I have no interest in pointless "camp" warfare. I don't consider a duopoly to be adequate competition in the first place. The last thing a person with that view would want to do is cheerlead for one of the duopoly companies. Facts are: AMD is working against the PC gaming platform with its consoles, in cahoots with Sony and MS. Why? Because it's profitable for those companies. AMD is trying to sell small dies at higher prices to increase margin. That's profitable for AMD but not necessarily for us. We can hope that the margin will trickle down but a lot of the time the situation is worse for us than it should be. Right now, PC gaming is fragmented unnecessarily into three artificially incompatible x86 platforms. Things will be less drastically dire once the "consoles" get Zen CPUs, instead of the horrid Jaguar, but the problem will still remain. It will be a drag on PC gaming.
It's time to stop paying the MS tax of Windows to get DX for gaming and it's time to stop paying the console tax. Or, we can continue to waste our lives with useless "AMD vs. Nvidia" tripe.
I would like people to start pushing Vulkan with OpenGL on Linux and the unification of x86 gaming.
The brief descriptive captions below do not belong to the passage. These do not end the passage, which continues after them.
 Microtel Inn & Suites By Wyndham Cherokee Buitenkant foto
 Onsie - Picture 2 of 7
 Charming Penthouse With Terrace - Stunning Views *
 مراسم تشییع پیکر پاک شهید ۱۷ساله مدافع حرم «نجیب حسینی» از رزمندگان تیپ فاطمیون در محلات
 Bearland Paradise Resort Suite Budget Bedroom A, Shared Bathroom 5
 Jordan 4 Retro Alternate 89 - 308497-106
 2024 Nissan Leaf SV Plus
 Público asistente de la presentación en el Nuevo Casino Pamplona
Small dies aren't always bad. If yields are really good then they can be a good option for midrange and low-end parts. What they generally aren't very helpful for is high-end performance GPUs, the kind most enthusiasts care about. When a company refuses to produce those parts then it's tempting for them to overcharge for small die parts with excessive clock speed to try to overcome the inherent processing deficit. And/or the competition will keep prices high because of a lack of a competing product, which can, in turn, lead to increased prices in the midrange. Small dies can also work with the chiplet approach, apparently. Let's hope that AMD will find a way to stick together enough chiplets to get some competition into the high-end gaming space. But, instead of just hoping, we should also try to get at least one more company into serious gaming graphics. Apparently Intel is going to try this but since it's part of the CPU duopoly it's hardly ideal from a competition standpoint. But, it would be better than having a weak duopoly which is what we have now, given that AMD isn't even competing at the high end of the GPU space and hasn't for some time.